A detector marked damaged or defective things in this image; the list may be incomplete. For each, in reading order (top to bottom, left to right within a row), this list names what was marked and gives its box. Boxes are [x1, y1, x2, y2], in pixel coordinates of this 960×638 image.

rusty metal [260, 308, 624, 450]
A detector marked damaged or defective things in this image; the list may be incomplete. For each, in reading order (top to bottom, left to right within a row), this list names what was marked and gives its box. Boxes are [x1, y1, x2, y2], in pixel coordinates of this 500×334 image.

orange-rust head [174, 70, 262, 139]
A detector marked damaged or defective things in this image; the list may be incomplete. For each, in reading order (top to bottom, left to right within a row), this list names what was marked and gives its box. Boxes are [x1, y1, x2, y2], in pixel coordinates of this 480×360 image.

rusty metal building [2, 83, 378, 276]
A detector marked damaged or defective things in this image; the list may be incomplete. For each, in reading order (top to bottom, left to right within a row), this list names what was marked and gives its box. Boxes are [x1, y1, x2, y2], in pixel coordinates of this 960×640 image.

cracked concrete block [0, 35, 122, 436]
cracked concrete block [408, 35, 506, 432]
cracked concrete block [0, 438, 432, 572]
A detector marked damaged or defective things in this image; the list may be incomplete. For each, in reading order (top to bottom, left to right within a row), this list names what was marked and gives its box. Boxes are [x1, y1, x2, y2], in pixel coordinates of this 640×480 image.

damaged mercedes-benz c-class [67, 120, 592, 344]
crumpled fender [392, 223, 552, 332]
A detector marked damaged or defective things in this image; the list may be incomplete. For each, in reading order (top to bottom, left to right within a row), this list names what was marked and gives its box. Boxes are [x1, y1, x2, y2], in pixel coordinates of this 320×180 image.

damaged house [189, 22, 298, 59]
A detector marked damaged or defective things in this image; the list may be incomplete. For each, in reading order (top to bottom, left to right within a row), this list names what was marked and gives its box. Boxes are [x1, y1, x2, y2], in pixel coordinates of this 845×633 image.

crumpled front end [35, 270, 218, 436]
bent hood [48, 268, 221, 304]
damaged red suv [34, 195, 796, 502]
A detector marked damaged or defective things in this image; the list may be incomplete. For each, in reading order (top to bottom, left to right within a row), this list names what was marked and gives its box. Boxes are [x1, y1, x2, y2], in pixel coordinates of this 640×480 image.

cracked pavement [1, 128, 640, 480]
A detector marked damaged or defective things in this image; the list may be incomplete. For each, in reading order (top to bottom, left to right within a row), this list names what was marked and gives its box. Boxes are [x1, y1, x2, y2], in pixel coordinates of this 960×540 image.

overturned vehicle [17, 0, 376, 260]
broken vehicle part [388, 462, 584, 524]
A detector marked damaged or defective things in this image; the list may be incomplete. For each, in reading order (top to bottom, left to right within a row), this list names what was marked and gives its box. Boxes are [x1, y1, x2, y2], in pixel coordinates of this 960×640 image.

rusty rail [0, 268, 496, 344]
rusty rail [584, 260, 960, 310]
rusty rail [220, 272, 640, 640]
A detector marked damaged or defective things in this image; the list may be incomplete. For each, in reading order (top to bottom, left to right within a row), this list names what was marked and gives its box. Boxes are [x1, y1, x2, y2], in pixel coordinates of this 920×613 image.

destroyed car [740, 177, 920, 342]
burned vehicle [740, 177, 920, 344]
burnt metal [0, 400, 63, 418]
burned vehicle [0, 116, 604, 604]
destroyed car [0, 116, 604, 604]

————————

* _Work instructions_
The answer should be exactly the lines from the one that contains "this 960×540 image." through the end of the entries, both ends included, and nothing besides.

* _Task output_
A detector marked damaged or defective things in this image; the list may be incomplete. For each, in reading order (top to bottom, left to right within a row), this list names what was marked and gives its box. Boxes are [x1, y1, x2, y2], in pixel coordinates of this 960×540 image.

overturned vehicle [17, 0, 376, 260]
broken vehicle part [388, 462, 584, 524]
A detector marked damaged or defective things in this image; the list may be incomplete. For each, in reading order (top to bottom, left to right within a row), this list names what was marked and gives its box. Boxes are [x1, y1, x2, y2], in pixel coordinates of this 960×640 image.

rusty rail [0, 268, 496, 344]
rusty rail [584, 260, 960, 310]
rusty rail [220, 272, 640, 640]
A detector marked damaged or defective things in this image; the list may be incomplete. For each, in reading order (top to bottom, left to right within a row), this list names what was marked and gives its box. Boxes are [x1, y1, x2, y2], in pixel coordinates of this 920×613 image.

destroyed car [740, 177, 920, 342]
burned vehicle [740, 177, 920, 344]
burnt metal [0, 400, 63, 418]
burned vehicle [0, 116, 604, 604]
destroyed car [0, 116, 604, 604]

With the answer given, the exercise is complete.